6. Australian GIS company ER Mapper publishes layers of Landsat imagery of Australia from various years as a free KML network link, part of a demo of its web serving abilities.

7. Google Earth Hacks posts a network link that displays 38,000 geographically marked-up Wikipedia entries, the best 80 at a time in your current field of view. Pretty awesome way to surf and learn.

8. Wow, is the Times of India a one-note whining machine or what? And the paper has a tenuous relationship with the facts, especially if these get in the way of jingoistic pursuits (noted: Google Earth was launched June 28, 2005, not “almost 18 months ago”).

Google Earth censored in China?

The Opposite End of China comments on a thorough Wall Street Journal article about Google’s efforts to enter China, and the compromises it has had to make with the Chinese government regarding the censorship of information within its borders. Apparently, bits of Earth and Maps are censored in certain parts of China, as of a few weeks ago:

The balance has already proved tricky.

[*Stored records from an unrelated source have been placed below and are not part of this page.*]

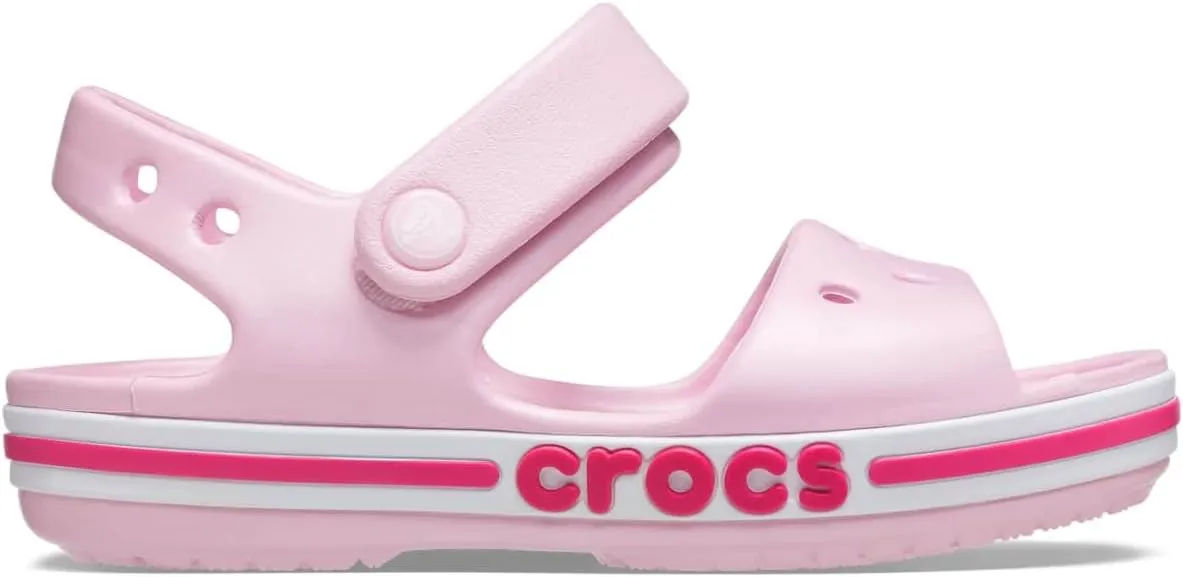 Crocs Unisex-Child Bayaband Sandal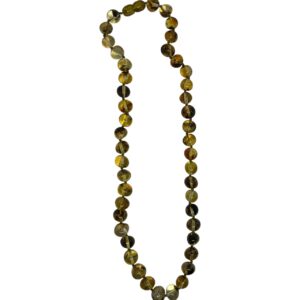 COLLAR AMBAR CLARO AD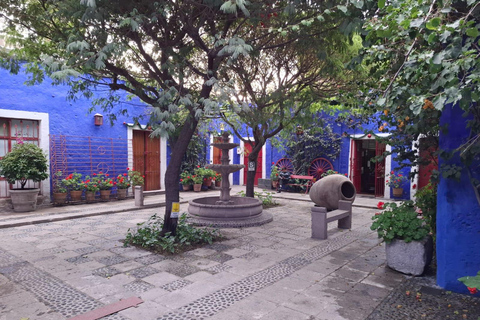 Arequipa: City Walking Tour Monumental in Arequipa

Until recently, Google’s map and satellite-photo service offered Chinese Internet users something they rarely could see: a bird’s-eye view of the secret compound of Zhongnanhai, where the country’s top leaders live and work.

But in recent weeks, close-up views from Google’s satellite images of the leadership compound in Beijing have been blocked in at least parts of China. It’s not clear how widespread the blocking is, or whether the government is behind it. Google says it didn’t alter that part of its service for Chinese users. In any case, the feat betrays a high level of technical expertise.

Barring the possibility of this just being due to a bad connection, it is also not clear whether this censorship exist in just Maps, just Earth or both. I can imagine how it might be relatively easy to block specific high-resolution tiles for Maps, as these have specific fixed names, but it must be a lot more difficult to sniff out what Google Earth is sending and receiving. Another thing I wonder about — wouldn’t a dose of encryption make Google Earth exploration completely opaque to outside snoopers?

BTW, here is a site that links to Zhongnanhai. If anybody in China reads this, I’d love to see a screenshot of what Google Maps and Earth show at this location. (Location in Earth [KML], Maps)

If the Chinese government is blocking its own citizens from seeing where their leaders live, whereas the rest of the world can see just fine, we’re talking some major institutional paranoia.

NYT on Google Earth and Security

The New York TImes has a very competent article out today about the security concerns and border dispute issues that have followed the release of Google Earth. To me, the two new/interesting elements were:

1) a highlighting of how Google Earth is used by advocacy groups to monitor tropical deforestation or publicize prison camps in North Korea.

2) Comments by Andrew McLaughlin, a senior policy counsel at Google:

He said Google recently began talks with India centering specifically on images of the Kashmir border, long disputed by India and Pakistan. McLaughlin said Google had also entered into discussions with other countries over the past few months, including Thailand and South Korea. […]

Meetings with Indian officials or those from other nations have yet to result in a request that Google remove or downgrade any information, McLaughlin said. Nor has the United States government ever asked Google to remove information, he said.

I hope the “yet” does not imply that information downgrades are possible. If they are, I hope we’re informed ahead of time, so that we can take screenshots of the most interesting bits and keep them as overlays, albeit privately.

Google Earth gets better vector layers

Reporting better late than never: On December 13 Google Earth’s vector data was updated. Writes PenguinOpus on Google Earth Community, “Improved appearance of roads (especially in Europe) and multiple levels of density for business layers (eg: dining, lodging) are the biggest changes. Better road data should improve frame rate on low-end graphics cards when roads are turned on.”